Treemaps serve as a means to visualize complex hierarchical data, offering a useful way of displaying categorical information through area size, enabling the reader to understand and compare different categories in a part-to-whole relationship.
...But, to be honest, I used to detest Treemaps. Each time I encountered one in a dashboard, I would squirm. They appeared cluttered and messy, and, in some cases, my perception was accurate.
An immediate issue with Treemaps arises when dealing with too many categories. This makes the Treemap challenging to read as the segments become so small, resulting in information being truncated or removed. Additionally, like many other chart types, the human eye can struggle to detect minor differences in area sizes and intensity of colour.
This led me to believe that Treemaps with a high number of categorical fields aren’t useful in visualising data. However, when viewed from a different angle, they can be a great way of providing insights into complex data!
Examining the Treemap above, we observe bike sales for a bike shop ordered by bike type and manufacturer.

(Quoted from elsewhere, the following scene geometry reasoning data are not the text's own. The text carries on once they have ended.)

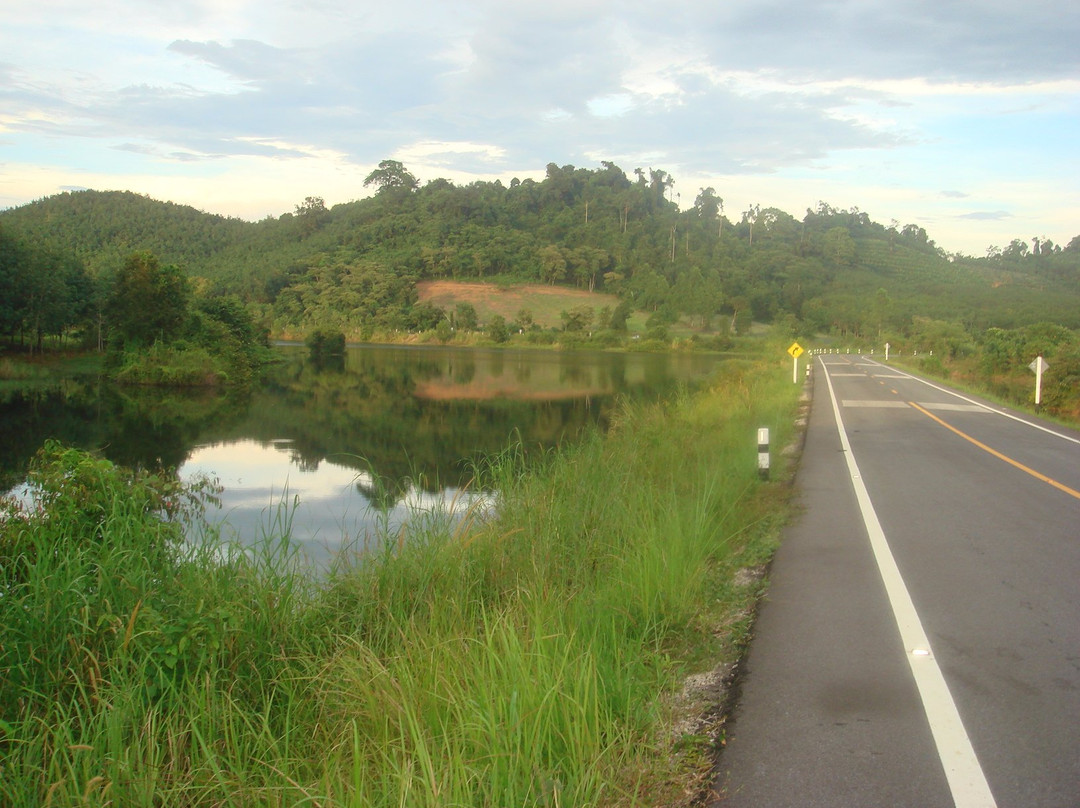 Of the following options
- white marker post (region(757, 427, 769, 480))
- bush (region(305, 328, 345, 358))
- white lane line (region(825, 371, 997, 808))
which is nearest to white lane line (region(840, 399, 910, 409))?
white marker post (region(757, 427, 769, 480))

At a glance, we immediately understand the distribution of bike types (Gravel, Mountain, Road), which is roughly equal in terms of sales for the store. We can also identify the top manufacturers for each bike type and their percentages. This information proves valuable for bike store managers to determine the most popular manufacturers.
While this offers a general analysis, shifting the context to business operations unveils more insights. Store managers, for instance, want to know what isn’t popular. In the Gravel bike category, numerous extremely small sections constitute a significant proportion of Gravel bike sales.

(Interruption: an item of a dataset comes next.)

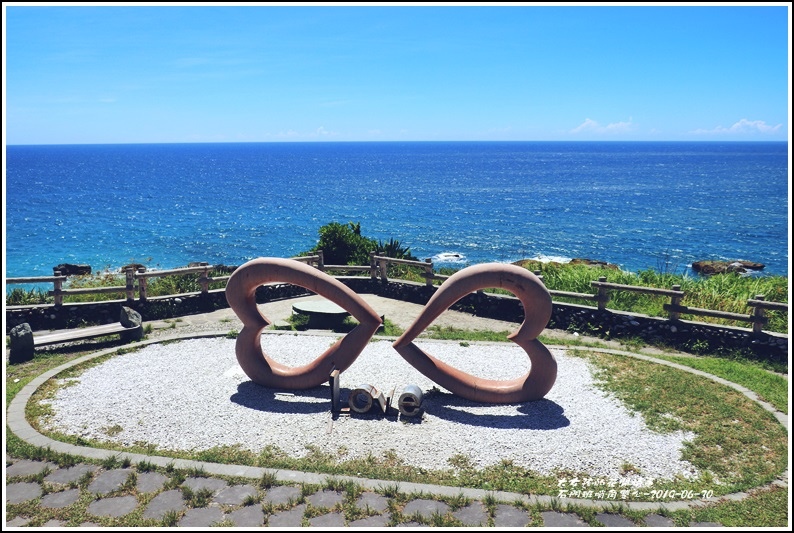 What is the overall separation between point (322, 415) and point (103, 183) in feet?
353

From this insight, we could advise the business that they might be better off discounting these smaller manufacturers to save costs without impacting sales. In the past, I would have completely ignored the extremely small portions of the chart and assume it was just clutter.
Like most aspects of data visualisation, the best use-case for Treemaps depends on the type of data available, the audience as well as the goal of the visualisation. However, when the correct context is aligned, Treemaps can become an invaluable tool for examining hierarchical data!